Recruitment discrimination – a legal perspective

Danielle Ayres

By Danielle Ayres, specialist pregnancy, maternity and sex discrimination lawyer at Gorvins Solicitors

You’ve got the perfect CV, have researched the company, are certain that you have the skill set for the advertised position and feel fairly confident when you get the call to interview.

Yet even with such a full tick box at your disposal, that much longed-for job can still prove elusive.

For while issues of discrimination in the workplace are well documented, many job applicants don’t realise that unfair prejudice can happen further upstream at the recruitment stage.

And while it would be nice to think that most employers understand obvious no-go areas when asking questions of potential staff (‘so, having any more babies?’ is a bit of a giveaway) – there may be still issues of bias when it comes to shortlisting or selecting potential candidates.

The Equality Act 2010 makes discrimination on the grounds of certain protected characteristics – such as sex, race, age, disability, gender reassignment, pregnancy or religious belief – unlawful. And these rights protect not only existing employees but also potential ones too.

So how do you know if you`re a victim of recruitment discrimination?

Well, there are some questions you shouldn`t be asked during an interview, such as those relating to future family plans age, health and previous sickness absence.

If you do get asked anything like this, you can refuse to answer them.
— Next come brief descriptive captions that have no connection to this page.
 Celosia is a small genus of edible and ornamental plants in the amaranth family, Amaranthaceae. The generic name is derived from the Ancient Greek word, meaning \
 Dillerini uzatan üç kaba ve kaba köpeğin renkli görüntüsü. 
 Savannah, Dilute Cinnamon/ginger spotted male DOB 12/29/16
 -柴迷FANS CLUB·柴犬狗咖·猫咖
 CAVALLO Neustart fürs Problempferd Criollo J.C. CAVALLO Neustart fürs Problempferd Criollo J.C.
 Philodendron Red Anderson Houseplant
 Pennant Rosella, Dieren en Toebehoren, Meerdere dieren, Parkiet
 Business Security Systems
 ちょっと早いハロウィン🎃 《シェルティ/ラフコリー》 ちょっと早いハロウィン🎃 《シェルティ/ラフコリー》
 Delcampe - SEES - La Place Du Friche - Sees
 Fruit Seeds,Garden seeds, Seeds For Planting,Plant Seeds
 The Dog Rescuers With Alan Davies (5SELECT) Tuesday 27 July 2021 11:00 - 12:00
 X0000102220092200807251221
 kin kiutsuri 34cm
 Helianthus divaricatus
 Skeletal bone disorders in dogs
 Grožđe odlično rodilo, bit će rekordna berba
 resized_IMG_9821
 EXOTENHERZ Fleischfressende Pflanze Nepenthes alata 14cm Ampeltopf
If you don’t want to give a ‘no comment’ response you could ask how the question relates to the role you’re applying for, or the reason why the question is being asked.

If you think you didn’t get the job because you fall into a ‘protected characteristic group’ , or as a result of an answer you gave relating to one of those characteristics, then you may have grounds to make an employment tribunal claim.

However, it’s also important that employers know how to protect themselves from claims of discrimination too.

So before a position is even advertised, make sure there is a clear recorded definition of the role as well as the criteria which the successful applicant must meet. If it requires specific hours or days or, say, a certain amount of physical strength then keep a recorded note of that.

And keep notes too, of those job applicants you reject so you have an accurate record of why they were unsuitable for the position.

During the interview itself, even where there is justification for a question to be asked, make sure it relates to the role and not the individual (ie why you can only employ people of a certain age or require specific hours).

Job interviews can be something of a lottery. With only one vacancy and several interviewees there has to be a way for employers to make a decision about the best person for the job. Equally rejected applicants have to understand that sometimes even the most capable candidates will be unsuccessful simply because of force of numbers.

However both employers and employees should realise recruitment discrimination is as unacceptable as prejudice in the workplace.

Hopefully being aware of the red flags should ensure the best man or woman gets the job.